First half gross profit was $2.95 million, an increase of 100% on the prior corresponding period.
“Our company has transformed during the past 12 months,” Mr Fortunatow said.
“Our investments made in marketing and distribution leading up to Christmas were very well received, as demonstrated by strong pull-through in-store sales.”
He added some stores had sold out of the Spacetalk device earlier than expected and were too late to be restocked in time for Christmas. However, he said January sales continued reap the returns from the marketing and distribution investments prior to Christmas.

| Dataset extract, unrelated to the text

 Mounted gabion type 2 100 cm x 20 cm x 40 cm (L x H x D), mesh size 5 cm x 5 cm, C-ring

“In the past 12 months, we have made big investments in people, technology, manufacturing, distribution and, importantly, the Spacetalk brand itself.”
“We’re building a strong business in a segment, which players in the adult smart watch space find difficult to understand. We, however, have a strong track record and a great understanding of what parents want for their child’s development, safety and security. We’re a young and ambitious company with a great market opportunity staring us in the face, and we’re going for it,” Mr Fortunatow said.

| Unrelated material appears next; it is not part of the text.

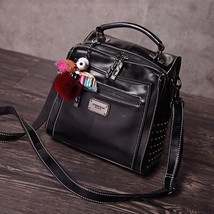 Retro Large Women High Quality Leather Backpack Multifunction School Backpack Fo - $55.52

By any measure, Spacetalk growth is astonishing as the device is less than 18 months old.
Launched in October 2017, Spacetalk, which is aimed at children aged between four and 12, was initially sold via a single online portal.
Spacetalk’s online popularity and community acceptance rapidly attracted interest from mainstream retailers in Australia, such as consumer electronics giant JB Hi-Fi and Leading Edge Computers.

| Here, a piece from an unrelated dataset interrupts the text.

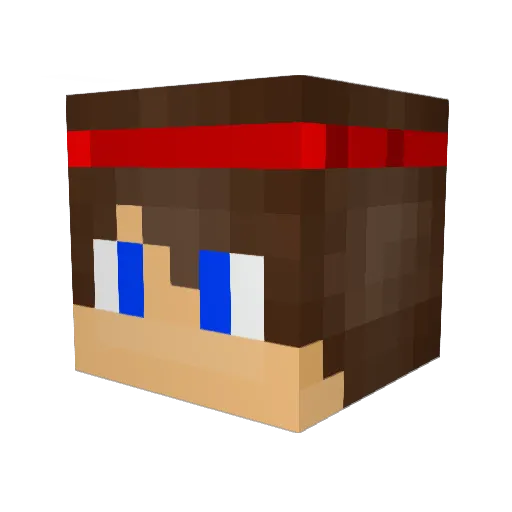 othka Minecraft avatar head, 3D render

The retailers collectively sell Spacetalk in about 270 stores across Australia and online.
MGM has also finalised a deal with New Zealand’s biggest telecommunications company Spark to sell Spacetalk in each of its 73 stores and online from October 2018.
Spacetalk sells for $349 in Australia and includes a 12-month warranty. It sells for NZ$399 in New Zealand, but monthly plans are also available.
Spacetalk’s growth didn’t escape the attention of investors, who sent the share price up from $0.375 cents on 21 November 2017 to a high of $5.02 on 19 November 2018.
Meanwhile, in January 2019, MGM announced it would be selling Spacetalk in the UK from April.
“The UK market is four times larger than our market in Australia and New Zealand,” Mr Fortunatow explained.
“Our plans are advanced and stock has been ordered. We look forward to announcing our distribution partners as soon as documents are finalised.”
School mode appeal
It’s what Spacetalk doesn’t do that also separates it from the competition and appeals to parents.
The device was deliberately designed and built without access to the internet and the nasties of social media.
It includes an enhanced school mode feature that enables parents to specifically select which watch functions to disable during school hours, such as incoming and outgoing calls, messaging, step counter, location and stop watch.
Disabling functions during school hours prevents classroom distractions.
Children can’t download Facebook or YouTube and they can’t tweet.
Online bullying in schools is a concerning and confronting global issue, with France leading the charge and banning smart phones at schools for students younger than 15.
Australia followed, with New South Wales banning smart phones in state primary schools this year after an independent review found their use had driven a rise in online bullying, distractions in class and the sharing of explicit images.
“By its very nature, Spacetalk enables students to focus on learning without the distractions of social media and the ever-lurking dangers of online bullying, intimidation and heightened stress levels,” Mr Fortunatow explained.
“Disable Spacetalk functions during school hours and it’s no more than a watch. We long felt that mobile phones would one day be banned in schools and we support the initiative.”
“Spacetalk has been independently verified by leading international cyber security experts as ‘unhackable’, and has the world’s best practice security and privacy features built in. All data is hosted in Australia in highly secure data centres and protected by Australian Privacy and Data Security legislation, so security is assured,” Mr Fortunatow said.